Seans piłkarski (35). Mila

Od maminsynka do gościa, który dobił Niemców.
O filmie pisał już Paweł Król, ale myślę, że internet pomieści jeszcze jeden tekst na jego temat.
To ponoć nie tyle film (kolejny w cyklu „Sport bez fikcji”), co reportaż, o czym zresztą informują we wstępie Tomasz Smokowski i jego wąsy. Trwa „Movember” i w sumie ciekawe jest to, że na angielskich boiskach nie widać zawodników z zarostem pod nosem, a niemal cała ekipa Canal Plus zrobiła się na elektorat PSL.
Nie wiem, jakie przełożenie ma „Movember” na to, czy badamy to, co mamy najcenniejszego (w jednym z filmów Woody’ego Allena główny bohater mówi, że mózg to najbardziej przereklamowany organ, a w innym dodaje, że ciało, jak wiadomo, nie kłamie). Mam nadzieję, że jakieś ma.
W obrazie Pawła Grabowskiego śledzimy dość ciekawą historię Sebastiana Mili, na którą składają się nieudany pobyt za granicą (Austria Wiedeń, Vålerenga [na zdjęciu nasz bohater właśnie w barwach klubu z Oslo, obok Jan-Derek Sørensen]) i polska kariera Rogera: w Groclinie, ŁKS-ie oraz Śląsku, no i, oczywiście, ostatnie, spektakularne występy w reprezentacji.
Całość ogląda się dobrze: Mila to sympatyczny, kumaty gość, którego przyjemnie się słucha, a duża ilość archiwaliów też uprzyjemnia seans.
Najfajniejszym momentem jest wrocławska wizyta (szkoda, że ten wątek szybko się kończy) byłego kolegi Mili z Vålerengi, Freddy’ego dos Santosa, a konkretnie jego spotkanie z Orestem Lenczykiem. „Przerażający gość”, podsumowuje wesoły Norweg.
W „Mili” wypowiadają się również: jego mentor – Tomasz Wieszczycki, Radosław Gilewicz, Michał Globisz, Toni Polster i inni. Nikt złego słowa nie mówi o Sebku. Nie wyszło za granicą – fakt, ale chłopak miły i utalentowany.
Główną wadą filmu Grabowskiego jest to, że jest on po prostu zbyt krótki, więc chyba żaden z tematów nie został pogłębiony. Szkoda, że nie pojawia się na przykład Ryszard Tarasiewicz – bardzo ciekawa przecież postać, o której Mila wypowiada się w samych superlatywach.
Wiemy też, że istotną częścią kariery zawodnika Śląska jest czas spędzony w Groclinie. Nie ma jednak słowa o tym, że za dobrymi wynikami drużyny z Grodziska Wielkopolskiego stały działania nie tylko boiskowe.

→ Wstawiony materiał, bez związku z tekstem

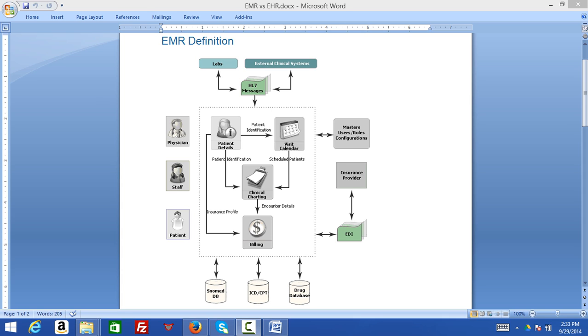As we see, all the functions in this diagram are around the patient. Everything is about the patient and the quality of care.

Dodajmy, że choć Mila robi wrażenie przesympatycznego gościa, nie waha się skrytykować Stanislava Levý’ego (o, ten to nadawałby się do propagowania akcji „Movember”). „Social One”, jeśli wierzyć słowom naszego bohatera, to kawał buca.
W karierze Rogera nie brakowało złych momentów: nie poradził sobie za granicą, bo – upraszczając – tęsknił za domem; już na stare lata publicznie skrytykował go obecny trener Śląska Tadeusz Pawłowski, zarzucając piłkarzowi, że jest po prostu zbyt gruby. Ale nie brakowało również dobrych chwil: mistrzostwo ze Śląskiem, bramka przeciwko Manchester City w pucharach i ta strzelona Manuelowi Neuerowi, dająca nam pierwszy w historii triumf nad Niemcami.
Historia Tego, Który Załatwił Niemców to może nie jest materiał na kolejny film o Jamesie Bondzie, ale jest ciekawa i aż szkoda, że reżyser nie mógł (bo pewnie sam by chciał) jej rozwinąć.
Warto poświęcić pół godziny na film czy też reportaż Grabowskiego. Sebastian Mila to fajny gość, któremu – summa summarum – się udało. Po tym, co powiedział Pawłowski, mógł się obrazić i zażądać transferu. Ale wziął się za siebie i dziś triumfuje, a jego trener stał się jego przyjacielem. Choć może słowo „triumfuje” nie bardzo pasuje do tego skromnego chłopaka. No i, co może najważniejsze, Sebastian Mila nie wkurwia. Jak chociażby Maciej Iwański.